We are both fat and out of shape. ((((((huff,puff,pant)))))

Sully packed 28lbs. Brandon 30 and I a mire 10.
Brandon did say that this was the lightest pack he has ever done.

I know some say that you do not need to put the
packs on when they are young for training. But after
this trip I realized that Sully did not know how wide a pack
is. He just plowed through. With no regards to being stuck
or pack damage. Did not seem to catch on really fast.
So when in a fairly dense brushy area. I would lead/guide him.
I was thinking that some light weight bulky packs when younger 
may of taught him to watch his width.

One other thing that has been mentioned in this forum is
putting the goats in a tent. We tried this out. 
1st: Goats think screen windows are doors. LOL
2nd: Sully did not know or care that our tent was not his tent.

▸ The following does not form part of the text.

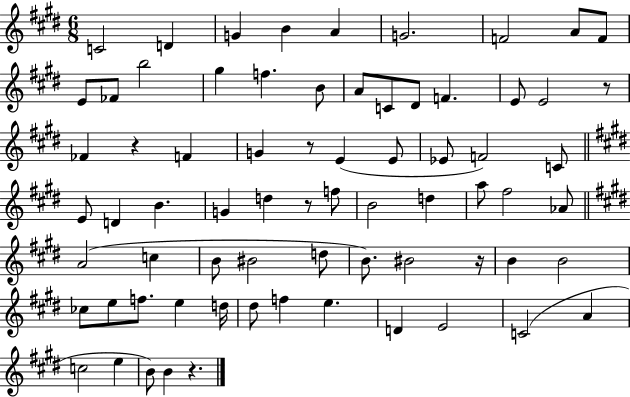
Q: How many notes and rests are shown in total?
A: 71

All in all. I had a nice time. Brandon caught lots of fish.
And I look forward to going again.


----------



## Bob Jones (Aug 21, 2009)

My most experienced goats get snagged just for fun. Mikey is notorious for getting caught, tangled, twisted. He has shredded more cheap bags than I care to count. Maybe I don't know any better and just expect it from them.


----------



## ryorkies (May 4, 2010)

When I was teaching the horses to pack.
(On lead of course) I would tap the tree 
we were moving around. The horse would then
look at the tree. And seemed to get the connection
that when I tapped the tree the pack would drag that
tree. so they seemed to learn how to avoid the
dragging. 

Are goats different?


----------



## fivemoremiles (Jan 19, 2010)

I had a pack horse that hit every tree unless i taped it. he never learned to judge the distance. thinking back on it i wonder if he had a depth proscription problem. he was a great horse and i was very sad when i sold him.


----------